In the testing phase, we need images to evaluate the attack performance of the patch, although our approach is data independent when generating the patch. Note that there are images in the ILSVRC 2012 validation data that are misclassified by the above 5 pre-trained models. For example, the top-1 accuracy of Inception-V3 is 82.8%. It is less meaningful to study the attack success rates if the pre-trained models cannot correctly classify the original images. To verify the effect of our attack method, we randomly choose 1000 images from the ILSVRC 2012 validation data for testing, and these images are correctly classified by the above 5 pre-trained models.

The patches are rescaled and rotated, and then digitally inserted on a random location on the test images. We selected 13 scaling parameters, i.e. 5 points in equal intervals from 1 to 10% and 8 points in equal intervals from 10 to 50%. The rotation angle is limited in \([-45^{\circ }, 45^{\circ }]\).

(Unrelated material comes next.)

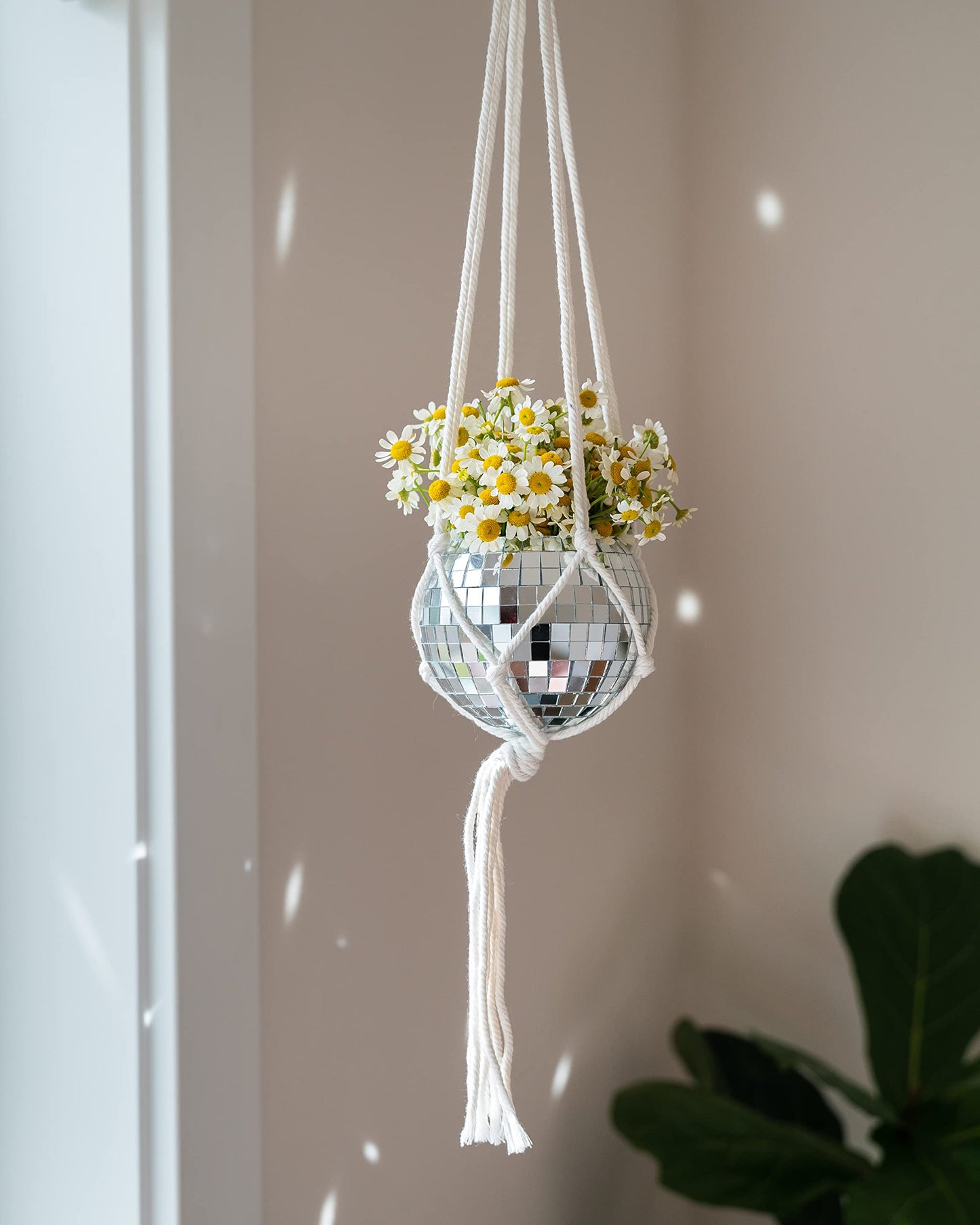 Havenstone Home Hanging Disco Ball Planter 8" - with Acrylic Stand and Macrame Plant Hanger - Home Décor, Room Décor, Patio or Boho Décor, Mirror Disco Planter, Disco Decor (4" Mini with Base)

Figure 2 shows the process of constructing adversarial examples for testing when the scaling parameter is 10%. The patch generated by Inception-V3 for whitebox single model attack is rescaled to cover 10% of the input images, and then randomly rotated and placed at random positions on different test images.

Fig. 2
figure 2

The process of constructing adversarial examples when the scaling parameter is 10%. Left images: original natural images. Central image: an adversarial patch. Right images: adversarial images. The patch is rescaled to cover 10% of the original images, and then randomly rotated and placed at random locations on different test images

Fig. 3
figure 3

Attack success rates of non-targeted adversarial patches generated by DiAP. Each point in the plot is computed by averaging the results of 1000 adversarial examples, which are crafted by applying the patch to test images at random locations in these images. This is done for various scales or rotations of the patch, with each transformation independently tested on 1000 images. Note that these success rates are the mean of five ImageNet models

Fig. 4
figure 4

Adversarial patches for non-targeted attack. a is generated for the whitebox single model attack, b is computed for the whitebox ensemble attack, and c is crafted for the blackbox attack. The target model is the pre-trained VGG-16

Figure 3 shows the attack success rates, each point is calculated through 5000 tests (1000 adversarial images \(\times \) 5 pre-trained models). When the non-targeted adversarial patch covers 10% of the image area, the attack success rates of all three attack methods achieve more than 70% attack success rates, of which the whitebox single model attack exceeds 90%, although DiAP knows nothing about the training data.

Figure 4 shows some patches generated for non-targeted attack. These patches all seem to contain a lot of small round circular patterns and exhibit some symmetry. We examine the estimated labels of adversarial examples crafted by the adversarial patch shown in Fig. 4. When the patch covers 10% of the testing images, 97.1% of the adversarial examples superimposed with the patch (a) are classified as bubbles, 60.9% of the images perturbed by the patch (b) are recognized as salt shaker or ladybug, and 55.8% of the images disturbed by the patch (c) are identified as bubble or pinwheel. This indicates that when performing non-targeted attacks by optimizing Eq. (2), DiAP tends to construct patches with circular patterns in order to enhance robustness to various transformations, so the corresponding adversarial examples are more likely to be classified as circular objects.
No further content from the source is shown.